When paramedics paused their chest compressions, Dr Boyle said he checked for a pulse at the girl's femoral artery, but found nothing.
Dr Lisa Corley from the Rotunda had ordered blood to be sent immediately and the decision was taken to carry out a transfusion in the ambulance. Dr Boyle said they "went against protocols and just ran with things" because they wanted to act as quickly as possible.
They decided to take the girl to the nearest hospital at Temple St, even though they knew there was no cardiothoracic surgeon there. "She didn't have time to go anywhere else," he said.
Dr Boyle said he needed to bypass the emergency department because that would have delayed her getting to the operating theatre.
While the ambulance transported the little girl, Dr Boyle ran to Temple St and told the emergency staff that the patient was not to come to them. He then ran to the operating theatre to make space and asked a colleague to call the Mater Hospital to get them to send a heart surgeon immediately.
Doherty asked what Dr Boyle thought when he assessed the girl at the scene and couldn't find a pulse at her femoral artery.

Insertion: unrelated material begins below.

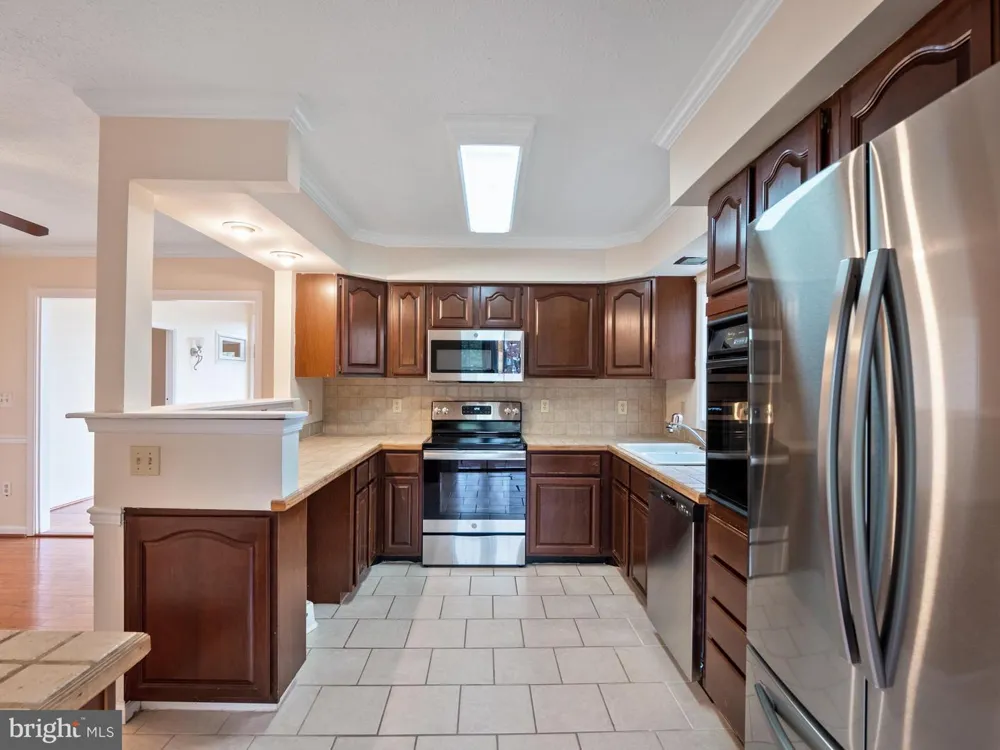 4907 37TH PLACE Hyattsville, MD 20782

"I thought she was dead," he said. The trial has previously heard that the little girl spent one month in the intensive care unit. She now uses a wheelchair, is non-verbal and communicates only by blinking yes or no. She is fed through a tube and requires medication to help her sleep.

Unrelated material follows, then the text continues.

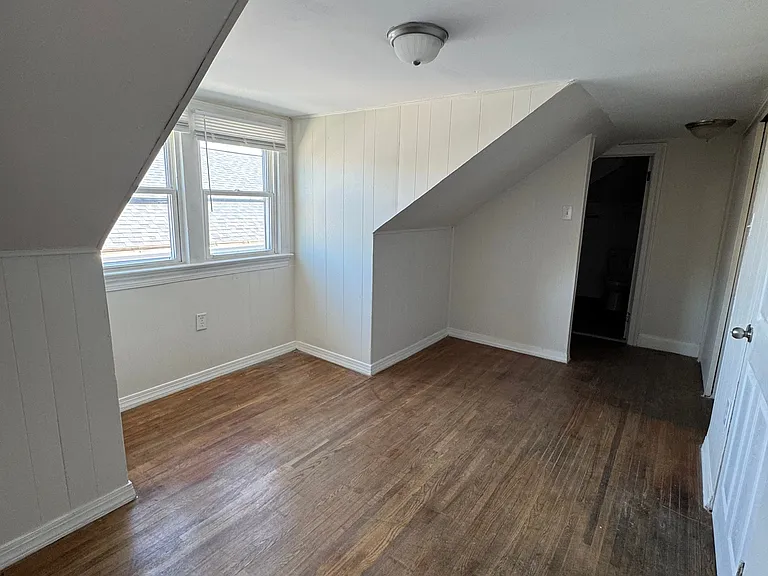 666 N Oak Hill Ave #3 — Photo 3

Bouchaker, of no fixed address, is on trial at the Central Criminal Court charged with the attempted murder of two girls and one boy, and assault causing serious harm to creche worker Leanne Flynn, at Parnell Square East in Dublin City on November 23rd, 2023.
He is further charged with assaulting two other children and a teenager and with producing a knife in a manner likely to intimidate.
He has pleaded not guilty to all charges and his trial is expected to last up to five weeks.
Det Gda Gerard Dunne told Finnegan that he was requested to go in an ambulance with creche worker Leanne Flynn, who had a visible injury to her right side and was in a lot of pain. She was unable to speak, he said, and she was "just shouting and screaming in physical pain".
Corinne Allen told Doherty that she was coming from a building onto Parnell Square East when she saw Flynn and Bouchaker struggling.
She said Bouchaker was pulling on Flynn's left arm 'quite forcefully' and she was pulling back. She then saw a "really large knife" in his hand and saw him stabbing her 'a few times'.
She said Flynn must have fallen to the ground because Bouchaker then walked up to a group of children lined up against a railing. She said he put his free hand on one chid's shoulder and "gestured" with the knife towards the child.
The railing obstructed her view, she said, so she couldn't see. She turned around and went back inside the building.
Under cross-examination, Bouchaker's defence counsel asked Allen if she would be surprised to learn that Flynn only suffered one stab wound, not the "two or three" she said she saw.
She accepted it was possible that her memory had failed her, but added that certain aspects of what happened are "engrained on my brain forever and I will never forget it".
The trial continues before Justice Tony Hunt and a jury of nine men and three women.